The format of Blobfs works against us in our effort to improve performance, due to high write amplification. Several metadata structures stored in a variety of locations must be updated to write a file, resulting in significant write amplification. Additionally, Blobfs' journal is block-based (versus a logical journal like Fxfs), which is less efficient in many cases.

These efforts have to be duplicated across each filesystem that we maintain, which substantially increases the cost of having a variety of filesystems. It is advantageous to be able to focus efforts on a single filesystem (Fxfs), which was a key motivator for this proposal.

Fxfs' performance benefits have already been proven with our Fxblob prototype. On an Intel NUC, Fxblob is:

55-80% faster at paging in blobs,
17% faster at writing a single blob, and
130% faster at writing multiple blobs concurrently, compared to Blobfs.

And there are further performance enhancements in progress.

Updateability

One of the key design principles of Fxfs is updateability: we designed Fxfs to accommodate changes to its storage format over time.

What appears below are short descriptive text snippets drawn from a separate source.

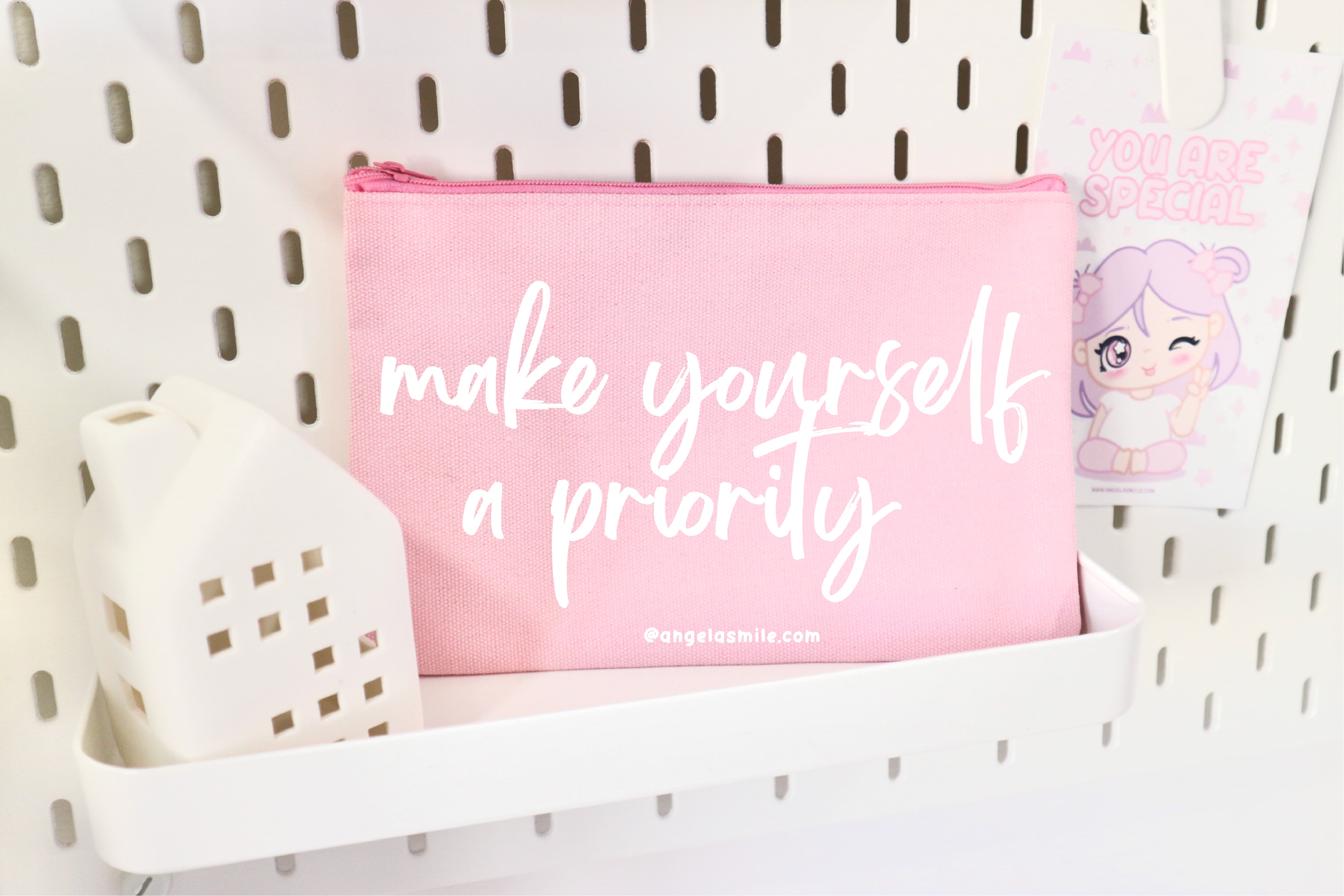 Pochette Pink "make a yourself a priority"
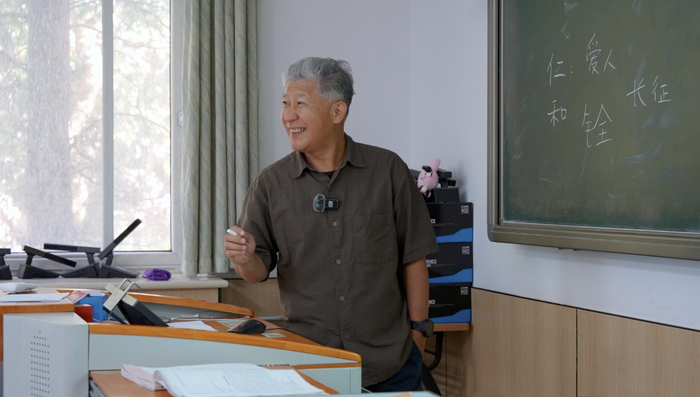 北京语言大学应用中文学院教授刘长征与学生互动/记者拍摄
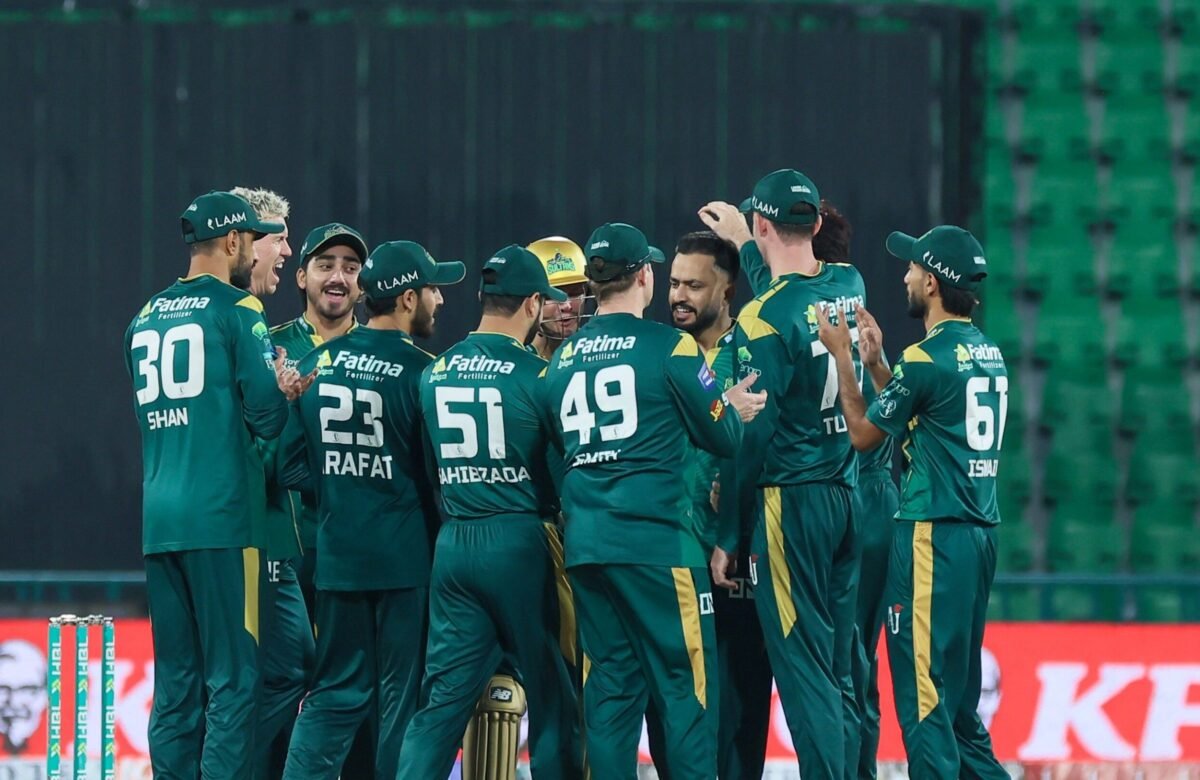 Nawaz’s three-for, Smith’s fifty take Multan to top of the PSL table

This is detailed in RFC-0136: Fxfs.

FVM and Blobfs were not designed with this in mind, and in practice it is infeasible at this point to make any major changes to FVM or Blobfs without forking the format and implementations.

If features need to be added, or if performance optimizations need to be made to how we store data on-disk, FVM and Blobfs will be very difficult to work with. There are already several examples of this:

RFC-0005: Blobfs Snapshots, which proposed format changes to FVM to improve Fuchsia's resilience for software updates. This RFC was withdrawn after it was deemed too risky and technically complex to change FVM's format.
Compact Merkle Trees in Blobfs, which was a space-saving feature implemented in 2021 which was never fully released due to complexity of rolling out the feature. Support for both the compact and legacy layout still exist in C++ Blobfs.

In contrast, Fxfs' on-disk format is regularly changed with minimal fuss. At the time of writing this RFC (July 2023), Fxfs is on version 31, and has undergone 10 format changes since the last breaking change (version 21, created on 2022-06-14). (It should be noted that even this breaking change could have been done in a backwards-compatible way, but for pragmatic reasons we chose not to do so.)

Maintainability

Fxfs has proven to be a well-tested and productive environment for engineers to work in. It is implemented in Rust, has extensive unit, integration, and fuzzing test coverage, and has encapsulated more subtle or difficult problems (layer file merging, journaling, transactions and locks, etc) well. Additionally, the fact that Fxfs' layer files are immutable once created, and metadata updates are appended to an in-memory layer file (and the journal) rather than being written piecemeal to disk, has made dealing with concurrency a much simpler problem.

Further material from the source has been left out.